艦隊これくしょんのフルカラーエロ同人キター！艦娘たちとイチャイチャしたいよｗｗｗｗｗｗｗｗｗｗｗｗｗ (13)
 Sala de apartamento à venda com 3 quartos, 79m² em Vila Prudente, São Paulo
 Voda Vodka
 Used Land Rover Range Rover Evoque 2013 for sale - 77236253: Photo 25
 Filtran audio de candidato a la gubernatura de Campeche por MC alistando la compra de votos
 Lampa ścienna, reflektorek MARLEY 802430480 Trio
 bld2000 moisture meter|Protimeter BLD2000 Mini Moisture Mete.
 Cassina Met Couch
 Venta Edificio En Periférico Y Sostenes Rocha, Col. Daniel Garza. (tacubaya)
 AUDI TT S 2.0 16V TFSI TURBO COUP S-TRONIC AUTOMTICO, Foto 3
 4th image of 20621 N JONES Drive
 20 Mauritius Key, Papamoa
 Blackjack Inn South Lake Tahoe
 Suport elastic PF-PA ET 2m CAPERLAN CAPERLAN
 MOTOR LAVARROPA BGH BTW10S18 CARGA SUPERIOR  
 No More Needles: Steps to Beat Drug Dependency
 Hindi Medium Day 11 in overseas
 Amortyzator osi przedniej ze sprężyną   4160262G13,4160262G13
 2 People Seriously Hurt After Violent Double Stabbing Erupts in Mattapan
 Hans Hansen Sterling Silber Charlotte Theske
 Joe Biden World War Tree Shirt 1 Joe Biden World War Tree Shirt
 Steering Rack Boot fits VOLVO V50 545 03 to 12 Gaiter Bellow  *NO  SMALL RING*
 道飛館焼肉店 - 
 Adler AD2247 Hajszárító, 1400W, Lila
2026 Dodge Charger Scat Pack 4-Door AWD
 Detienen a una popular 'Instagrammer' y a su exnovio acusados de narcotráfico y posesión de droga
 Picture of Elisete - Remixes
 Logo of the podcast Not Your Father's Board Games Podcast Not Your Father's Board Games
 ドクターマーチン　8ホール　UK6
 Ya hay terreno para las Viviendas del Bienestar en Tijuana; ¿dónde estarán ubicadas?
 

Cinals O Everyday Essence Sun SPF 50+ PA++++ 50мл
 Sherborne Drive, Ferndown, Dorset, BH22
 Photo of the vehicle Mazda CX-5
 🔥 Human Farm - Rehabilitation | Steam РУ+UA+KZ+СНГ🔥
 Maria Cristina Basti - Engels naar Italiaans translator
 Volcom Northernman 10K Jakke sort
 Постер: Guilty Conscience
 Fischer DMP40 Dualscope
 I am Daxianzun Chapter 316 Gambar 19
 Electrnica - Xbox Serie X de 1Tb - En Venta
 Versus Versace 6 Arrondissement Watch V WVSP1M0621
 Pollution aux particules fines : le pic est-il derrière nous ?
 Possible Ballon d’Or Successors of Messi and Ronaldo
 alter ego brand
□ □ □ □ □ □ □
● **WHAT TO WORK ON**
Each line from the beginning of the entries to the line with "Cinals O Everyday" must be repeated exactly, with both end lines kept and no other lines given.

● **ANSWER TO THE PROBLEM**
艦隊これくしょんのフルカラーエロ同人キター！艦娘たちとイチャイチャしたいよｗｗｗｗｗｗｗｗｗｗｗｗｗ (13)
 Sala de apartamento à venda com 3 quartos, 79m² em Vila Prudente, São Paulo
 Voda Vodka
 Used Land Rover Range Rover Evoque 2013 for sale - 77236253: Photo 25
 Filtran audio de candidato a la gubernatura de Campeche por MC alistando la compra de votos
 Lampa ścienna, reflektorek MARLEY 802430480 Trio
 bld2000 moisture meter|Protimeter BLD2000 Mini Moisture Mete.
 Cassina Met Couch
 Venta Edificio En Periférico Y Sostenes Rocha, Col. Daniel Garza. (tacubaya)
 AUDI TT S 2.0 16V TFSI TURBO COUP S-TRONIC AUTOMTICO, Foto 3
 4th image of 20621 N JONES Drive
 20 Mauritius Key, Papamoa
 Blackjack Inn South Lake Tahoe
 Suport elastic PF-PA ET 2m CAPERLAN CAPERLAN
 MOTOR LAVARROPA BGH BTW10S18 CARGA SUPERIOR  
 No More Needles: Steps to Beat Drug Dependency
 Hindi Medium Day 11 in overseas
 Amortyzator osi przedniej ze sprężyną   4160262G13,4160262G13
 2 People Seriously Hurt After Violent Double Stabbing Erupts in Mattapan
 Hans Hansen Sterling Silber Charlotte Theske
 Joe Biden World War Tree Shirt 1 Joe Biden World War Tree Shirt
 Steering Rack Boot fits VOLVO V50 545 03 to 12 Gaiter Bellow  *NO  SMALL RING*
 道飛館焼肉店 - 
 Adler AD2247 Hajszárító, 1400W, Lila
2026 Dodge Charger Scat Pack 4-Door AWD
 Detienen a una popular 'Instagrammer' y a su exnovio acusados de narcotráfico y posesión de droga
 Picture of Elisete - Remixes
 Logo of the podcast Not Your Father's Board Games Podcast Not Your Father's Board Games
 ドクターマーチン　8ホール　UK6
 Ya hay terreno para las Viviendas del Bienestar en Tijuana; ¿dónde estarán ubicadas?
 

Cinals O Everyday Essence Sun SPF 50+ PA++++ 50мл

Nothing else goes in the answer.